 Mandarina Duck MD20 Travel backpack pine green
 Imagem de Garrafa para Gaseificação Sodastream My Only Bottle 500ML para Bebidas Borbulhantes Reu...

* * *

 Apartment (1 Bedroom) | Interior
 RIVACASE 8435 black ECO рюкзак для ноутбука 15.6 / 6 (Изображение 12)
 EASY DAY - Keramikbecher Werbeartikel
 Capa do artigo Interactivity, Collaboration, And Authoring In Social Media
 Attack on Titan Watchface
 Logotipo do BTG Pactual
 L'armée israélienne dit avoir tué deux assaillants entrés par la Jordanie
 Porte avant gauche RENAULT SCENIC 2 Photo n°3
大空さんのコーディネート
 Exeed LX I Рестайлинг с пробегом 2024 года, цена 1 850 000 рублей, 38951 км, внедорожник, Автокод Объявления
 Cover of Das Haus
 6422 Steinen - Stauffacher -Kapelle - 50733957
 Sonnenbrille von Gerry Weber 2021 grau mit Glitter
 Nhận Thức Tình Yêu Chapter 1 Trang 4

* * *

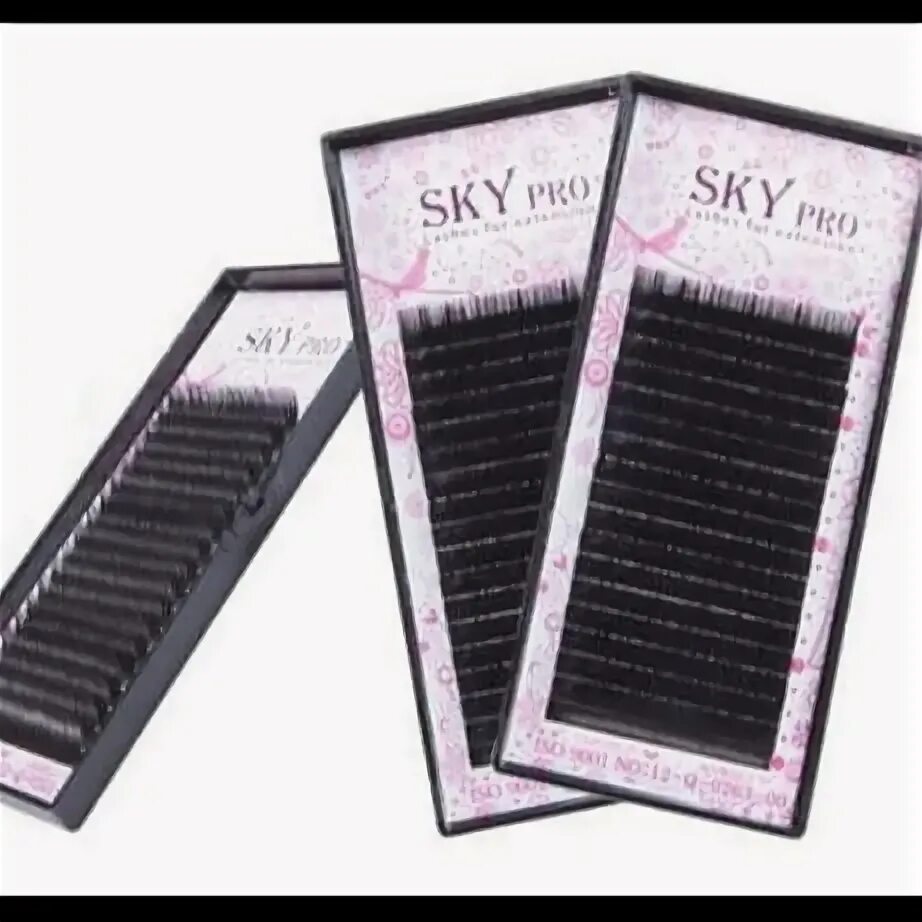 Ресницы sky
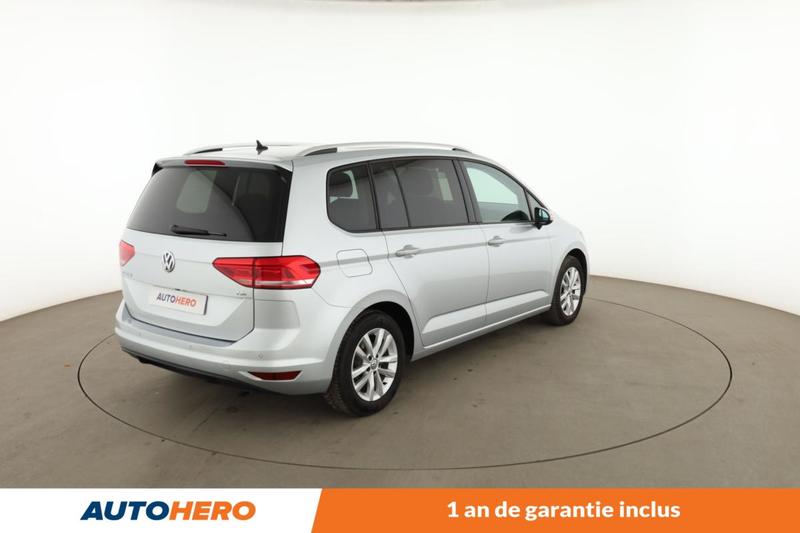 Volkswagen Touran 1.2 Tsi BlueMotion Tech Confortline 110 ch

▶ _TASK INSTRUCTIONS_: What you give back should be exactly the lines of the data above from the line with "Mandarina Duck MD20" through the line with "Imagem de Garrafa", both of those included, and nothing more.

▶ _SOLVED EXERCISE_:
 Mandarina Duck MD20 Travel backpack pine green
 Imagem de Garrafa para Gaseificação Sodastream My Only Bottle 500ML para Bebidas Borbulhantes Reu...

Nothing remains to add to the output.